→ ASSIGNMENT
From the first line to the last, return the data exactly, with no pictures.

→ DATA SEGMENT
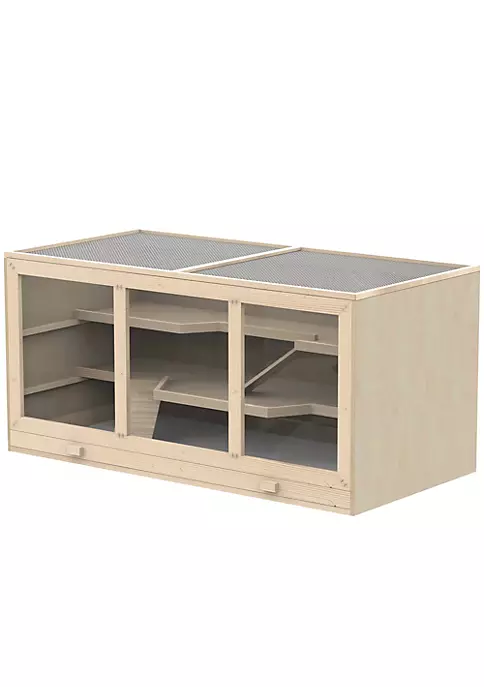 Cheapest ๐งจ PawHut Wooden Hamster Cage Hutch and Exercise Play House Pen with Large Lockable Opening Roof Door Natural Wood ๐ฅ 5 Cheapest ๐งจ PawHut Wooden Hamster Cage Hutch and Exercise Play House Pen with Large Lockable Opening Roof Door Natural Wood ๐ฅ - Image 3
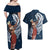 Tahiti Islands Polynesian Plumeria Couples Matching Off Shoulder Maxi Dress and Hawaiian Shirt Tahitian Vahine 'Ote'a - Navy Blue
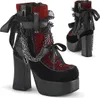 CHARADE-110 Dámske topánky DemoniaCult, Black Red , EU 39, Náhľad obrázku produktu 1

→ EXERCISE OUTPUT
 Cheapest ๐งจ PawHut Wooden Hamster Cage Hutch and Exercise Play House Pen with Large Lockable Opening Roof Door Natural Wood ๐ฅ 5 Cheapest ๐งจ PawHut Wooden Hamster Cage Hutch and Exercise Play House Pen with Large Lockable Opening Roof Door Natural Wood ๐ฅ - Image 3
 Tahiti Islands Polynesian Plumeria Couples Matching Off Shoulder Maxi Dress and Hawaiian Shirt Tahitian Vahine 'Ote'a - Navy Blue
 CHARADE-110 Dámske topánky DemoniaCult, Black Red , EU 39, Náhľad obrázku produktu 1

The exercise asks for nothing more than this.